Operating How BFS Works Step by Step

Step1:

Adjacency lists:

V     E
v0: {v1,v2} mark, enqueue v0
v1: {v3}
v2: {v3}
v3: {}

Step2:

Adjacency lists:

V     E
v0: {v1,v2} dequeue v0;mark, enqueue v1,v2
v1: {v3}
v2: {v3}
v3: {}

Step3:

Adjacency lists:

V     E
v0: {v1,v2}
v1: {v3} dequeue v1; mark,enqueue v3
v2: {v3}
v3: {}

Step4:

Adjacency lists:

V     E
v0: {v1,v2}
v1: {v3}
v2: {v3} dequeue v2, check its adjacency list (v3 already marked)
v3: {}

Step5:

Adjacency lists:

V     E
v0: {v1,v2}
v1: {v3}
v2: {v3}
v3: {} dequeue v3; check its adjacency list

Step6:

Adjacency lists:

V     E
v0: {v1,v2} |E0|=2
v1: {v3}    |E1|=1
v2: {v3}    |E2|=1
v3: {}      |E3|=0

Total number of steps:

|V| + |E0| + |E1| + |E2| +|E3| == |V|+|E|
4  +  2   +  1   +   1  + 0   ==  4 + 4
8   ==  8

Assume an adjacency list representation, V is the number of vertices, E the number of edges.

Each vertex is enqueued and dequeued at most once.

Scanning for all adjacent vertices takes O(|E|) time, since sum of lengths of adjacency lists is |E|.

Hence The Time Complexity of BFS Gives a O(|V|+|E|) time complexity.

I hope this is helpful to anybody having trouble understanding computational time complexity for Breadth First Search a.k.a BFS.

Queue graphTraversal.add(firstVertex);

// This while loop will run V times, where V is total number of vertices in graph.
while(graphTraversal.isEmpty == false)


currentVertex = graphTraversal.getVertex();


// This while loop will run Eaj times, where Eaj is number of adjacent edges to current vertex.
while(currentVertex.hasAdjacentVertices)
graphTraversal.add(adjacentVertex);


graphTraversal.remove(currentVertex);

Time complexity is as follows:

V * (O(1) + O(Eaj) + O(1))
V + V * Eaj + V
2V + E(total number of edges in graph)
V + E

I have tried to simplify the code and complexity computation but still if you have any questions let me know.

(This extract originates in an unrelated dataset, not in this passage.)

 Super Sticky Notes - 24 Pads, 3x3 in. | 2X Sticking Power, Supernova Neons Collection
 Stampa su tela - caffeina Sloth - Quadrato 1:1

The other answers here do a great job showing how BFS runs and how to analyze it. I wanted to revisit your original mathematical analysis to show where, specifically, your reasoning gives you a lower estimate than the true value.

Your analysis goes like this:

• Let N be the average number of edges incident to each node (N = E / V).
• Each node, therefore, spends O(N) time doing operations on the queue.
• Since there are V nodes, the total runtime is the O(V) · O(N) = O(V) · O(E / V) = O(E).

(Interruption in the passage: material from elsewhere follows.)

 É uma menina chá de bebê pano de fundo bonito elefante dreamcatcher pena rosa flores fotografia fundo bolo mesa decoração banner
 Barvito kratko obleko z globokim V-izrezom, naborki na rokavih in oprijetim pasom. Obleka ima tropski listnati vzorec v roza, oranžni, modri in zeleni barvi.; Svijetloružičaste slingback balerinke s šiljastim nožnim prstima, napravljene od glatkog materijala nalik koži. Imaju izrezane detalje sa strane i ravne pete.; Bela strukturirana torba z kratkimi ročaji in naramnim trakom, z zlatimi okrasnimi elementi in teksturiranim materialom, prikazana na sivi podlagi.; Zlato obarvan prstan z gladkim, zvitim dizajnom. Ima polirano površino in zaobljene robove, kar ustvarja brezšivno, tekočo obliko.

You are very close to having the right estimate here. The question is where the missing V term comes from. The issue here is that, weirdly enough, you can't say that O(V) · O(E / V) = O(E).

You are totally correct that the average work per node is O(E / V). That means that the total work done asympotically is bounded from above by some multiple of E / V. If we think about what BFS is actually doing, the work done per node probably looks more like c₁ + c₂E / V, since there's some baseline amount of work done per node (setting up loops, checking basic conditions, etc.), which is what's accounted for by the c₁ term, plus some amount of work proportional to the number of edges visited (E / V, times the work done per edge). If we multiply this by V, we get that

V · (c₁ + c₂E / V)

= c₁V + c₂E

= Θ(V + E)

What's happening here is that those lovely lower-order terms that big-O so conveniently lets us ignore are actually important here, so we can't easily discard them. So that's mathematically at least what's going on.

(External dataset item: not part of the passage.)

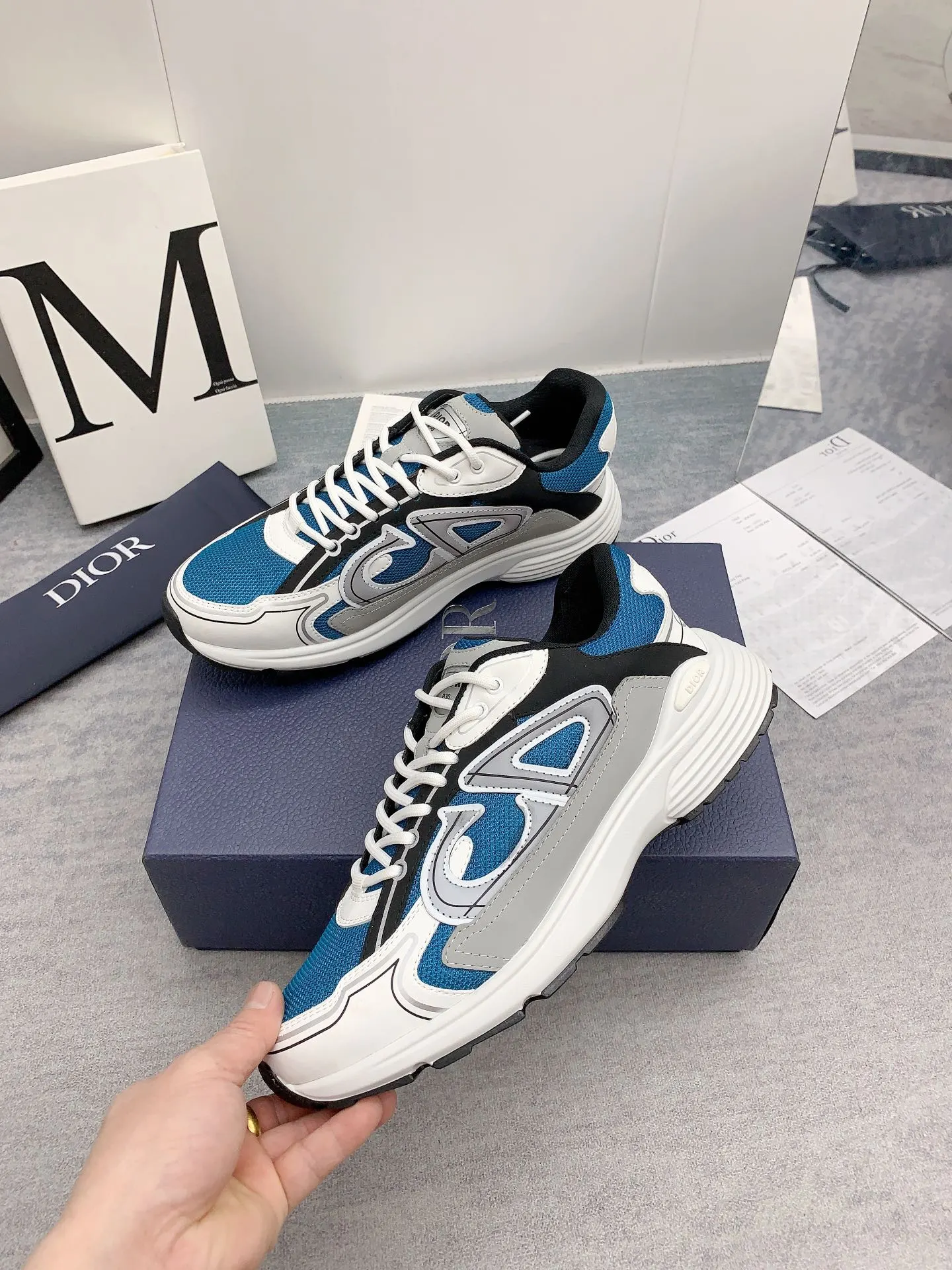 Dior B30 Mesh And Leather Sneakers In Blue Grey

What's actually happening here is that no matter how many edges there are in the graph, there's some baseline amount of work you have to do for each node independently of those edges. That's the setup to do things like run the core if statements, set up local variables, etc.

I would just like to add to above answers that if we are using an adjacency matrix instead of a adjacency list, the time complexity will be O(V^2), as we will have to go through a complete row for each vertex to check which nodes are adjacent.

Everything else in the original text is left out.